Recently, Empire co-creator Danny Strong denied that Mo’Nique had ever been offered the leading role of Cookie on the show, as she had claimed. The comedienne stood by her statements when asked about his remarks.
“I tweeted him back. I understand why you would say that, however when you find out the truth, will you speak as loudly? I’ve never had any communication with Mr. Strong. I’ve never met Mr. Strong. Lee’s never mentioned Mr. Strong so I have no idea who Mr. Strong is. So if Lee is telling Mr. Strong, ‘No, I didn’t offer Mo’Nique those things…No I didn’t talk to Mo’Nique about that,’ then that’s Lee’s friend and his business partner so all he’s doing is standing up for his friend.
Me and my husband Sidney, we respect people like that. However, when you find out the truth will you speak as loudly? Then it will make you question your friendship to say, ‘Why would you let me go out into the world and say something that you knew wasn’t true?’”
Although Mo’Nique made it a point not speak ill of anyone the interviewer asked about, she did allow Daniels to bury himself.

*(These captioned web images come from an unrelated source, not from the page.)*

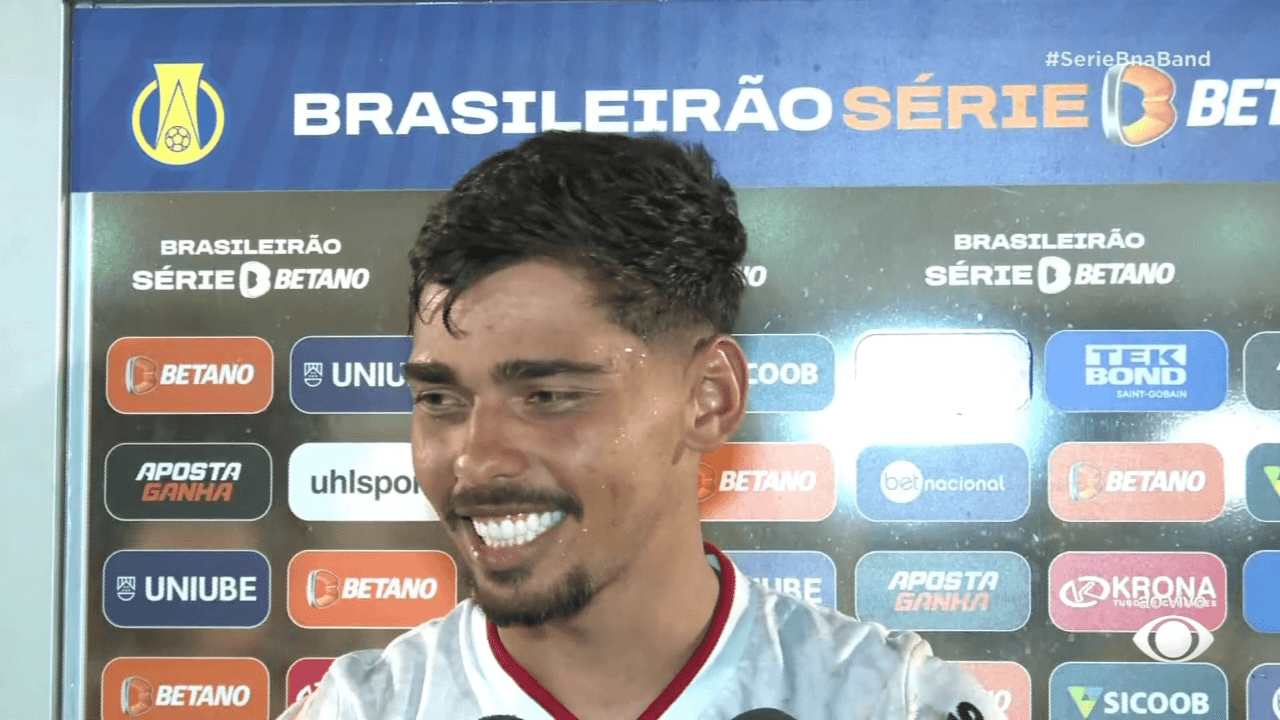 Sport x CRB - Palpite do Brasileirão Série B 2023 - 28/07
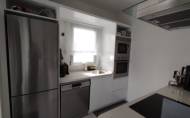 Revente - Apartment -
Orihuela Costa - Los Dolses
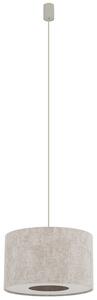 Nowodvorski Lighting Závěsné svítidlo na lanku 11664 CEDRO S ZWIS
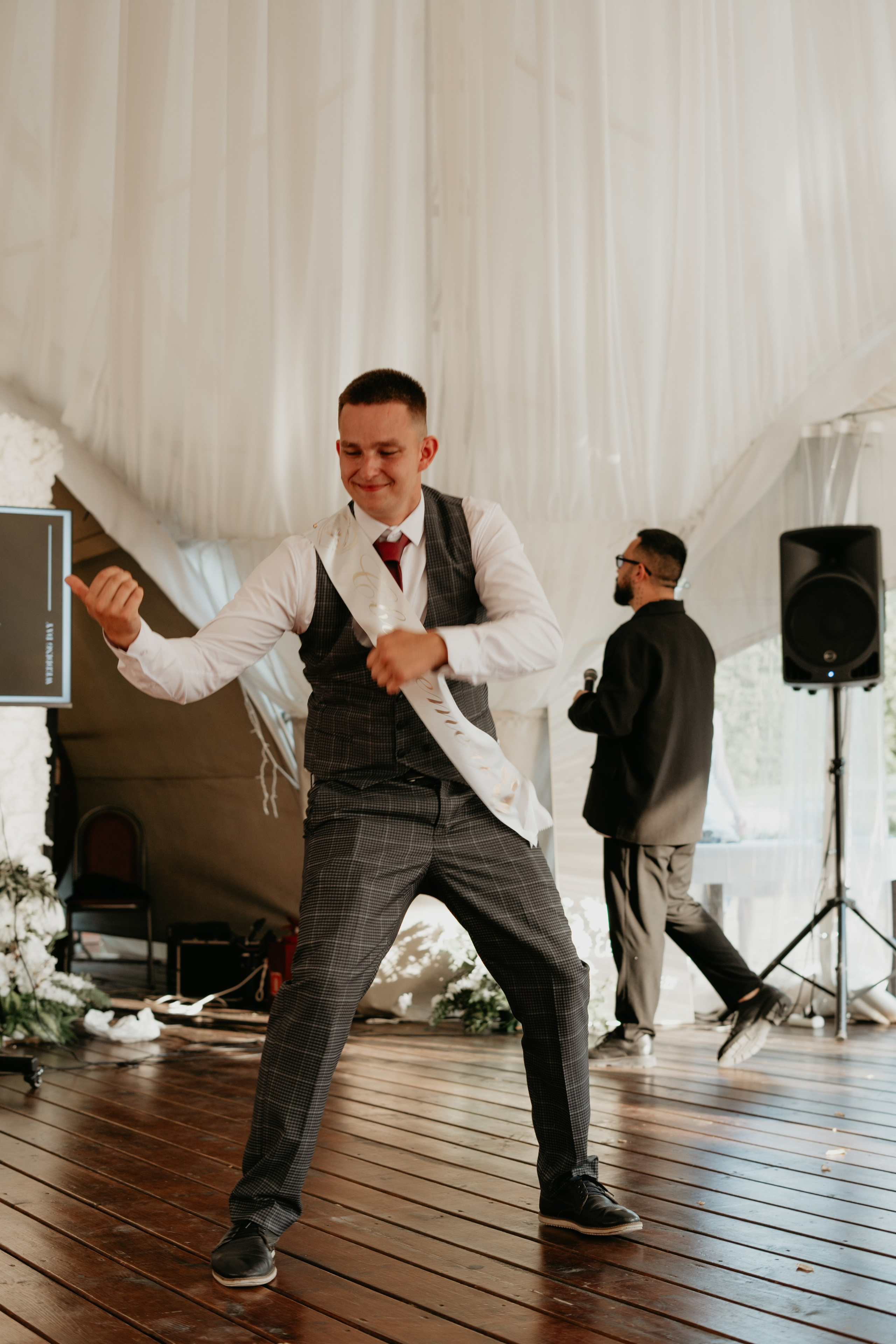 Иван и Евгения. Концептуальный фотограф Шлыкова Ольга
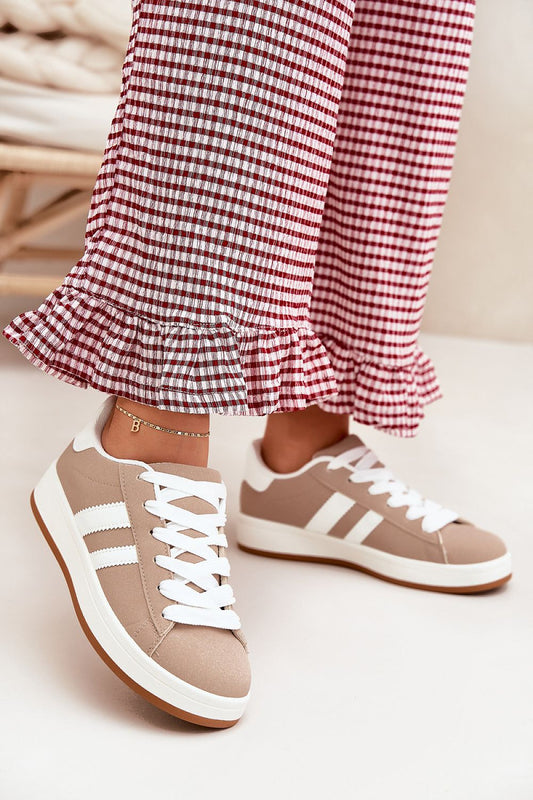  Scarpe spportive model 214315 Step in style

When the director spoke with Lemon on CNN, he said, “I guess I’m a sellout then! Call it what it is.” When asked if she thinks Daniels is a sellout, Mo’Nique replied, “Remember when Maya Angelou said ‘When someone introduces themselves to you believe them?’ Those were his words. What I think is unimportant.’
She admitted that not following the unwritten protocol when she was nominated for her Oscar contributed to her being shut down from Hollywood, saying that the studios were simply unused to being told “no.” She explained that she declined invitations to go to some of the events because they were unpaid and would take time away from her family.
“This is my down time and I want to spend it with my family, so when you really tell the story, all the way through, folks are saying what was difficult and demanding cause any working woman, in this country, once you put in you 40, you put it in right? If they call you to come in on Saturday, do you want to be paid for that or is that just a good gesture? You just gon’ go on and give them your Saturday?”
She went on to say that she’s unafraid to say these things, partially because movies were never her dream. “Coming to Hollywood becoming an actress wasn’t what I came to do. I came to Hollywood to be a talk show host. becoming an actress just fell in my lap.”
Despite all the drama, Mo’Nique is still busy on the big screen. Her independent film Blackbird is due for limited release on April 24th. The film is about a young singer growing up in a Southern Baptist community who is struggling with his sexuality. She scoffs at the notion of the film being controversial.
“It’s funny we consider love controversial. And that’s how far we’ve gotten removed from treating one other good. Because ‘Blackbird’ is a beautiful love story. I think when we open our hearts and our minds, we walk away with this thing called ‘acceptance.’ And we stop saying we love our fellow-man and we begin to love our fellow-man.”